The Compaq-SDSC alliance will enable the easy and confident deployment of
high-performance clusters with Compaq's hardware support and the
cluster management from the NPACI Rocks system with
advanced recovery capability for cluster node failures. These
clusters will provide the most stringent
computing needs for the academic, research, and technical markets as well as
offer a stable, supported, standardized platform for the increasing demands
from financial, multimedia, and data-serving markets.
SDSC and partners at the University of California, Berkeley, have created
the NPACI Rocks environment http://rocks.npaci.edu/), based on the Red Hat
Linux 7.1, specifically for
clustering to enable the installation, configuration, and optimization of
clustered Compaq servers. Customers can expect a reliable integrated
turnkey solution for high-performance computing needs with increased
performance, streamlined administration, and simplified scalability.

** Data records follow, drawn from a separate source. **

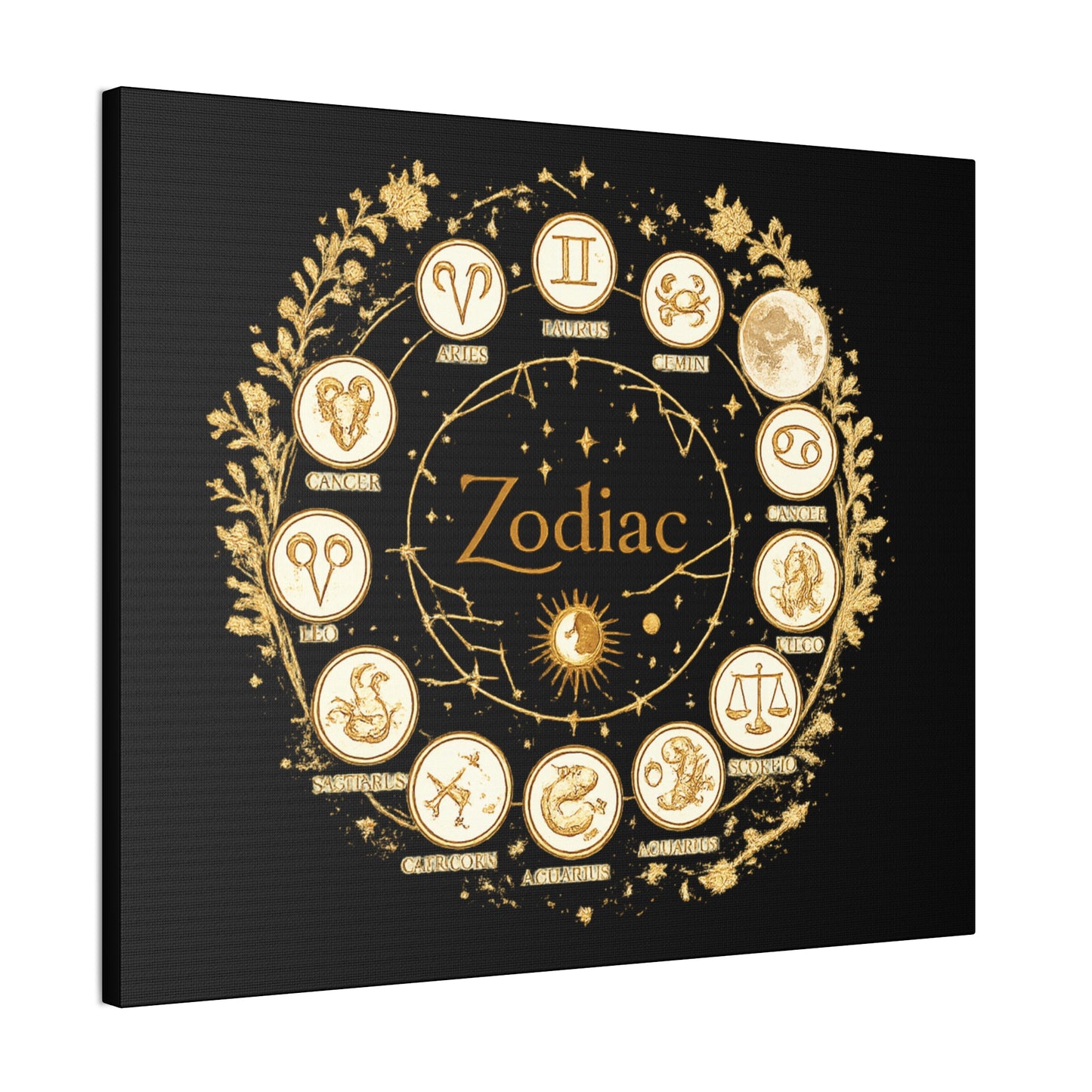 Golden Zodiac Astrology Canvas | Eco-Limited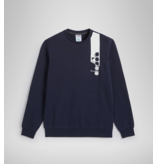 Diadora  logo sweater ronde hals d. blauw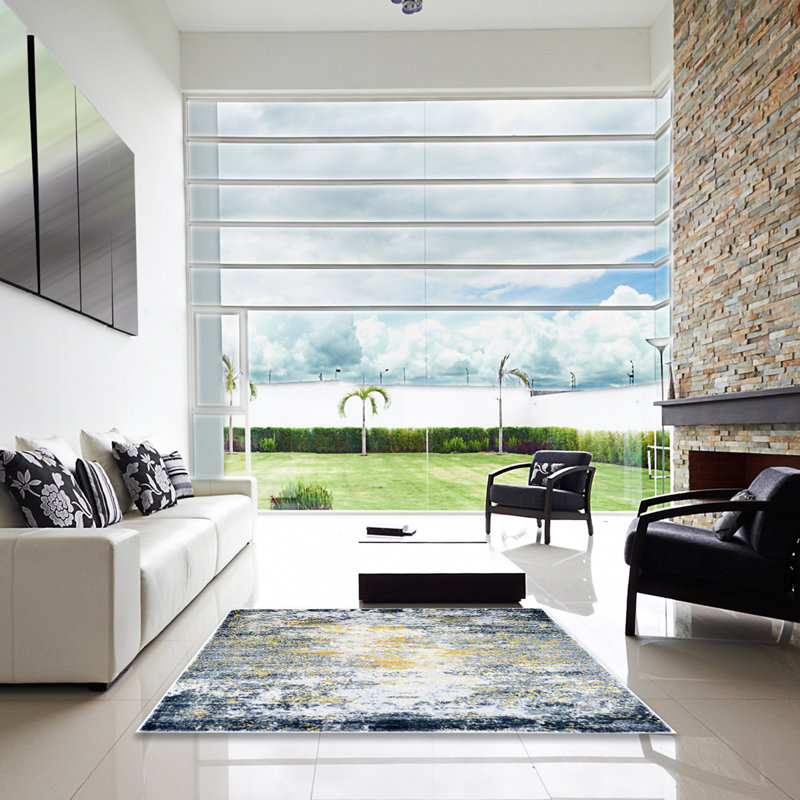 Jair Abstract Indoor Rug, Square 5'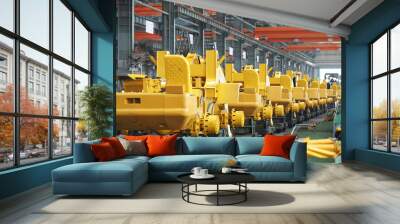 machine shop of excavator production. Wall mural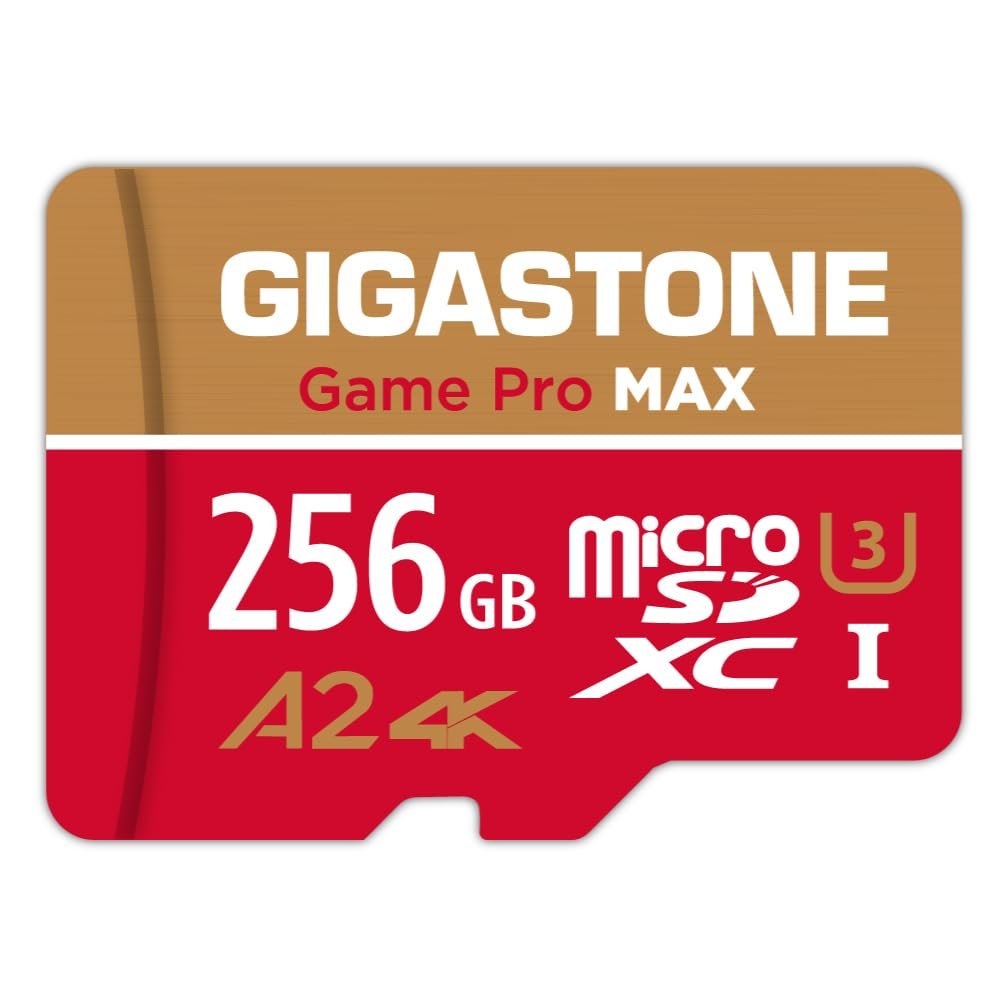 For Switch 1 OnlyGIGASTONE 256GB Micro SD Card, 4K Game Pro MAX, A2 V30 Memory Card for Gaming Console, 4K UHD Video, Up to 130/85 MB/s, UHS-I U3 C10 with Adapter5-Years Data Recovery
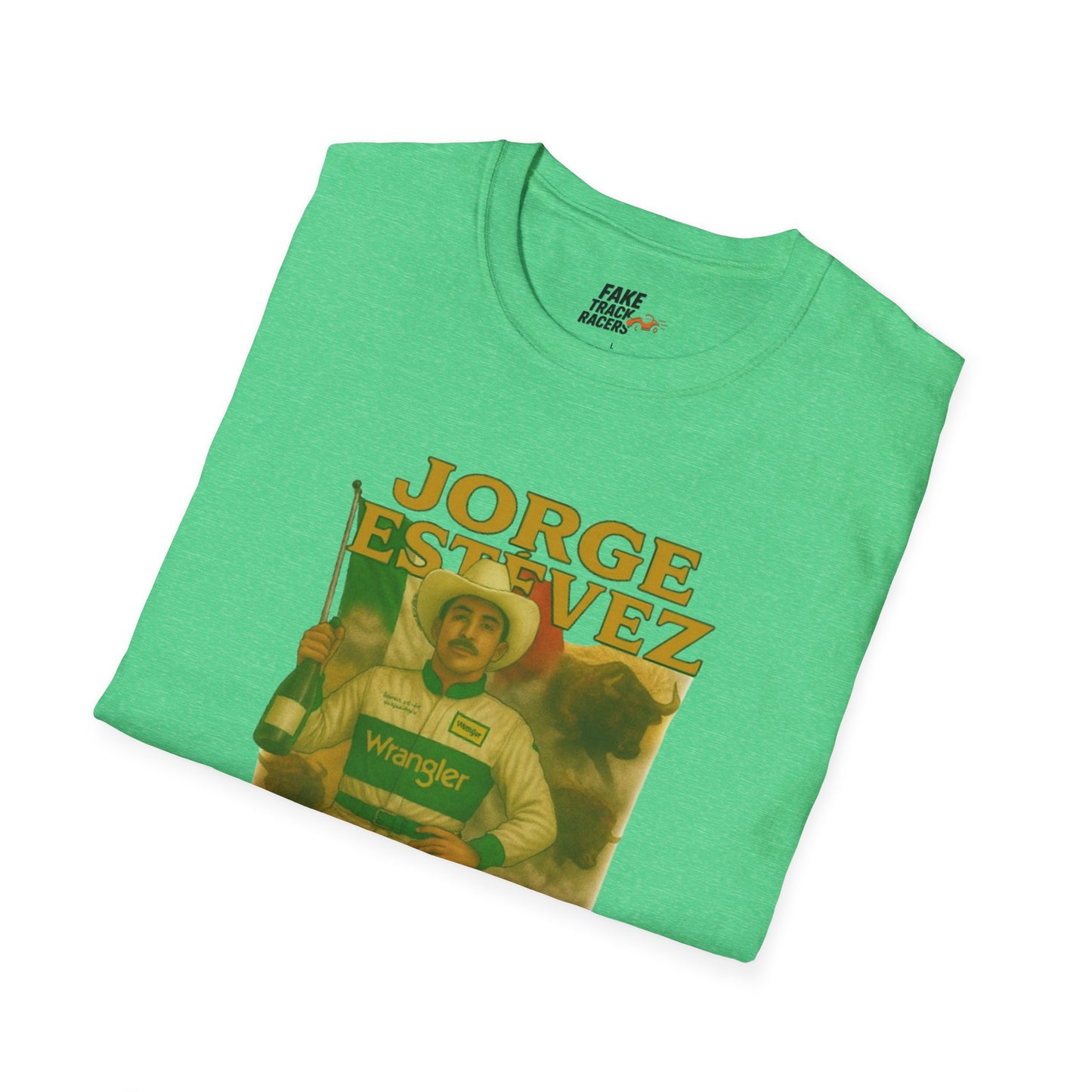 Vintage Style 90s Racing Tee Shirt JORGE ESTEVEZ Cerveza Champ Fake Track Racers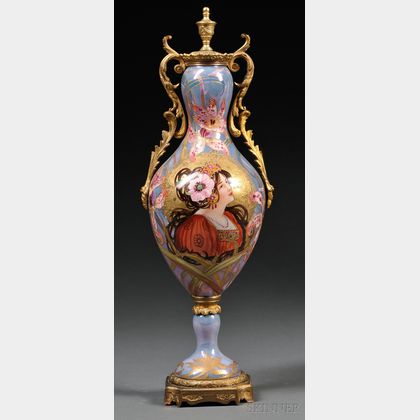French Art Nouveau Gilt Bronze-mounted Porcelain Vase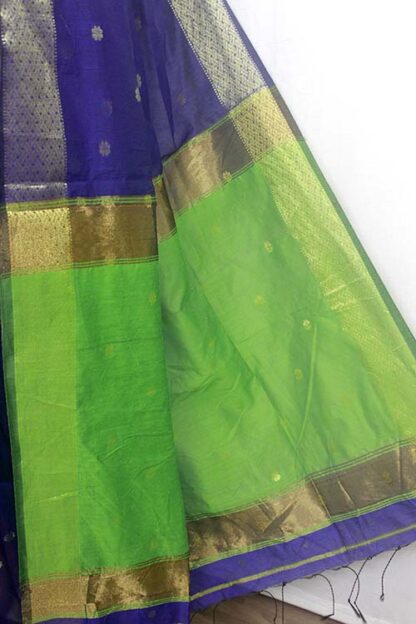 green and blue color combination cotton saree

"The Rocks software allows us to transfer SDSC's 16 years' experience
operating the world's most powerful computing environments to groups
interested in managing their own Linux clusters," said Fran Berman, director
of SDSC and NPACI. "The impact to discoveries in science and advances in
other computationally demanding areas will be dramatic as even more research
is conducted on locally managed high-performance resources. This transfer of
expertise through partnership with Compaq is an important example of how NSF
support for development of information technology yields significant
scientific and economic benefit."
The NPACI Rocks management software from SDSC adds functionality to the base
Linux distribution without specific kernel hooks. This general approach
allows Rocks to handle the natural evolution of Linux updates more
effectively than other offerings in the marketplace. The Rocks Toolkit
provides a stable, standard, supported platform for the deployment of
advanced clustering applications. It enhances the Linux cluster environment
with features that allow users to start, observe, and control processes on
cluster nodes from the cluster's front-end computer while supporting
standard Linux interfaces and tools. The result is a stable and extensible
environment that appeals to both end users and software developers.